Bug 251610

Summary: rc.d/zpool runs before ada(4) attaches
Product: Base System Reporter: Harald Schmalzbauer <bugzilla.freebsd>
Component: binAssignee: freebsd-rc (Nobody) <rc>
Status: Open ---    
Severity: Affects Some People CC: fs, hf
Priority: --- Keywords: needs-qa
Version: 13.0-STABLE   
Hardware: Any   
OS: Any   
URL: https://github.com/freebsd/freebsd-src/blob/main/libexec/rc/rc.d/dumpon
Attachments:
Description Flags
extend rc.d/dumpon to check and delay for cam(4) probing
none
extend rc.d/dumpon to check and delay for cam(4) probing
none
Boot log excerpt none

Description Harald Schmalzbauer 2020-12-05 17:41:18 UTC
Created attachment 220284 [details]
extend rc.d/dumpon to check and delay for cam(4) probing

On systems with root from memory filesystem, and probably also true for nvd(4) backed root systems, rc.d/zpool doesn't work, because at the time it runs, cam(4) is still in state (aprobe) for attached SSDs (850pro in my test case).
I can imagine much slower disks attaching, leading to similar problems for the not so rare cases where root mounts not from md(4).

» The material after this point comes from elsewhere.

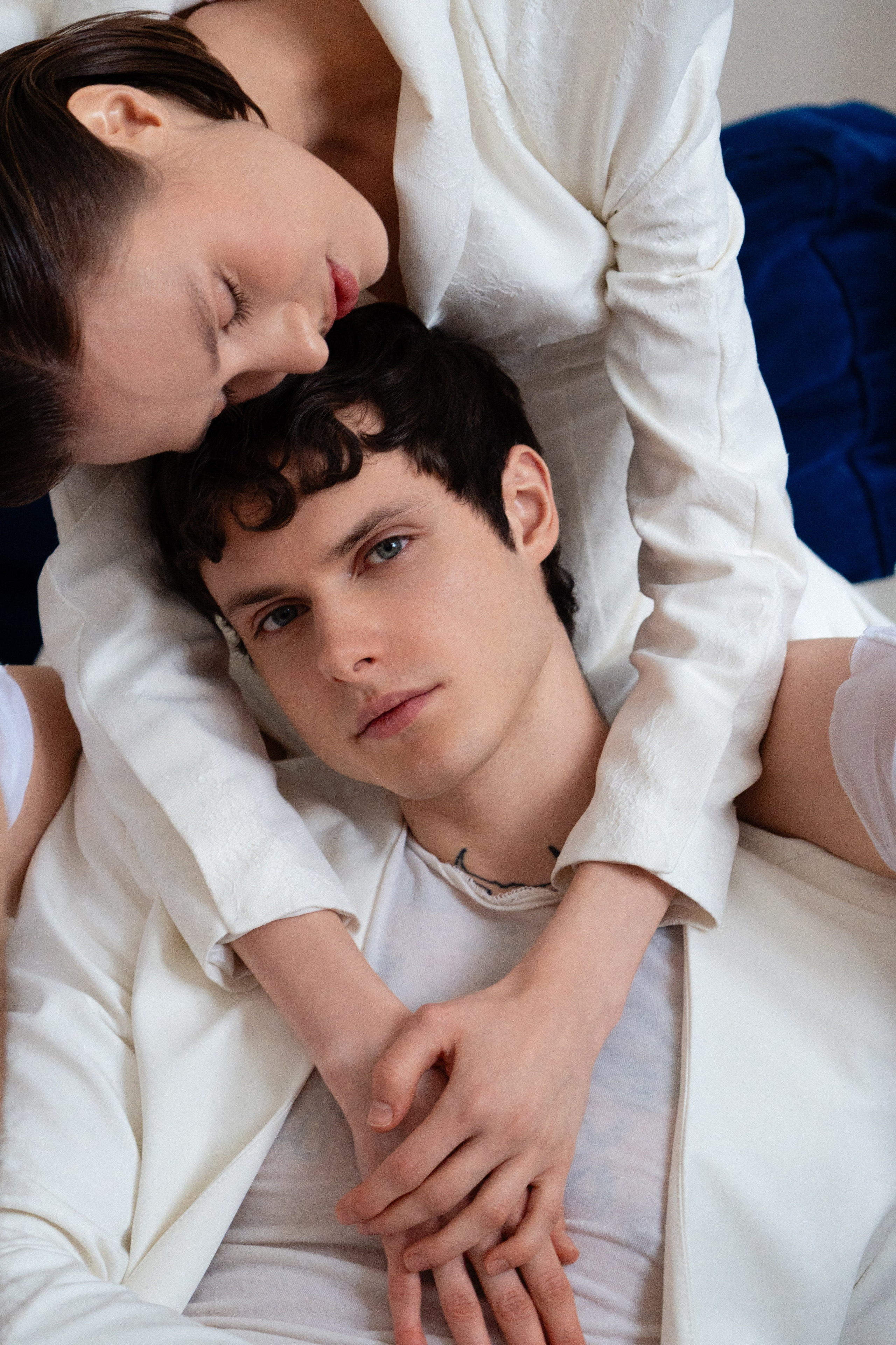 Свадебная фотосессия для пары в квартире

This affects dumpon and swapon too, which might have even higher impact than zpool!

The attached diff checks the output of camcontrol(8), which is in /sbin on rootfs, without utilizing anything from /usr filesystem.

The overhead should be neglectable on systems not affected, which unconditionally run the check, but it's not expensive considering it's only run once at startup.
Comment 1 Harald Schmalzbauer 2021-02-15 21:21:22 UTC
Created attachment 222477 [details]
extend rc.d/dumpon to check and delay for cam(4) probing

Accidentally found this unresolved PR and noticed, that the patch is outdated.
Here's what enables me to use OpenZFS in production.
Comment 2 Hauke Fath 2021-12-22 10:03:17 UTC
Created attachment 230308 [details]
Boot log excerpt
Comment 3 Hauke Fath 2021-12-22 10:18:32 UTC
Came here to say this.

In the process of setting up a fileserver, I noticed that a 10 TB pool replicated from the old omniosce machine wouldn't mount during boot, while it had no problem when imported manually.

My observations and comments:

The (rather misleading) error message from /etc/rc.d/zpool is frequently interspersed with kernel autoconfiguration messages (see attachment). This made it harder than necessary to figure out what was going wrong, together with my disbelief that something so string-and-ducttape-y should be shipped in a release.

Why does the kernel boot multi-user before it's done with autoconfiguration? And if parallelizing operations is the idea, why isn't there a barrier in place for things as vital as disk operations?

Et c'est pas fini: Downstream, mountd is utterly confused about a list of mounts in /etc/zfs/exports that don't exist ("mountd[7977]: bad exports list line 'redacted': symbolic link in export path or statfs failed"). Why is this information persisted, instead of being created during the zpool import under /var/run - or not, if the pool isn't found?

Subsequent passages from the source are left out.